2009-12-03 Joint WP1-WP2 Phone Conference
AGENDA:
- Who is there
- Brainstorming session to discuss possible ways of integrating work in these two WPs
- Discuss development of "user interests based selection plugin" (Yi Zeng)
- Discuss plug-ins developed by USFD in the context of the LarKC's use cases (Mark)
- Discuss joint work between USFD and Onto on selection methods (Johann Petrak)
- Plug-ins being developed by CEFRIEL (Emanuele)
PARTICIPANTS:
Gaston Tagni (VUA), Barry Bishop (STI), Emanuele Della Valle (CEFRIEL), Yi Zeng (WICI), Danica Damljanovic (USFD), Mark Greenwood (USFD), Johann Petrak (USFD), Lael Schooler (MPG), Jose Quesada (MPG)
INTRODUCTION:
The purpose of this joint session between members of WP1 and WP2 is to bring the work of the two WPs closer with the aim of designing an improved operational framework for problem solving in LarKC, which the main goal of deliverable D1.2.2 "Improved Operational Framework". See work on D1.2.2 for more details.
In this deliverable we will attempt to map out the landscape for combining techniques from multiple disciplines for the purpose of achieving web scale reasoning. No easy task!.
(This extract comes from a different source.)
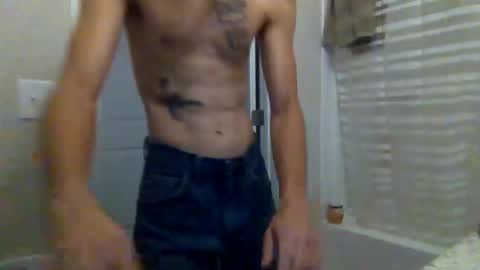 johnjones585121 online show from May 26, 11:22 pm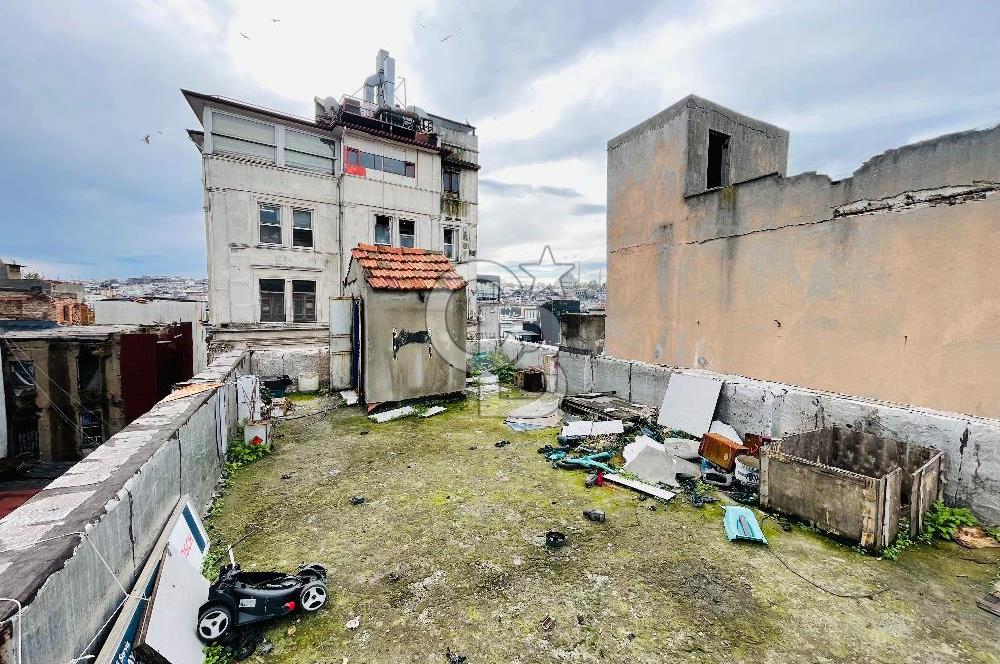 KARAKÖY TERSANE CADDESİ KÖŞE KONUM SATILIK BİNA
The platform and plug-ins we have delivered so far are too coarse-grained as can be seen from the fact that we have mostly wrapped existing components. For the future we should be looking at exposing more fine-grained elements of plug-ins for re-use, i.e. individual functions, algorithms, data-structures, etc. For example, I could imagine a deductive reasoner replacing a sorted index with a cognitively inspired selection algorithm.
The main goal of this deliverable should be to identify as many potential situations where re-use of fine-grained elements is possible. These situations will be inspired by close consultation with the technical work packages 2, 3 and 4.
METHODOLOGY
We agreed that a good place to start would be with a survey of all LarKC personnel actively involved in plug-in creation. This will include WP 2,3,4 leaders, plus all people project-wide who write plug-ins or wrap existing components as plug-ins. We should ask them to list:
all potentially re-usable components (and sub-components) that their plug-ins do or could expose all missing functionality (e.g. from platform, data layer or missing utilities) that they would have liked to use/re-use People will need to be imaginative and should not limit themselves just to source code. Components for re-use could be anything from database structures and java classes, to 3rd party libraries and services.
CONCRETE DISCUSSION
Basically, the purpose of these dicussions is to get insights into the specific plug-ins being developed in each WP (WP2/3/4) and get a better understanding of the type of problems/tasks being solved/addressed by these plug-ins in order to see what features can be reused among plug-ins and what is the functionality that these plug-ins expect from the LarKC platform in order to achieve their goals. On the basis of these discussions we should be able to come up with a matrix of functionality/features for each plug-in and then integrate them into a coherent operational framework.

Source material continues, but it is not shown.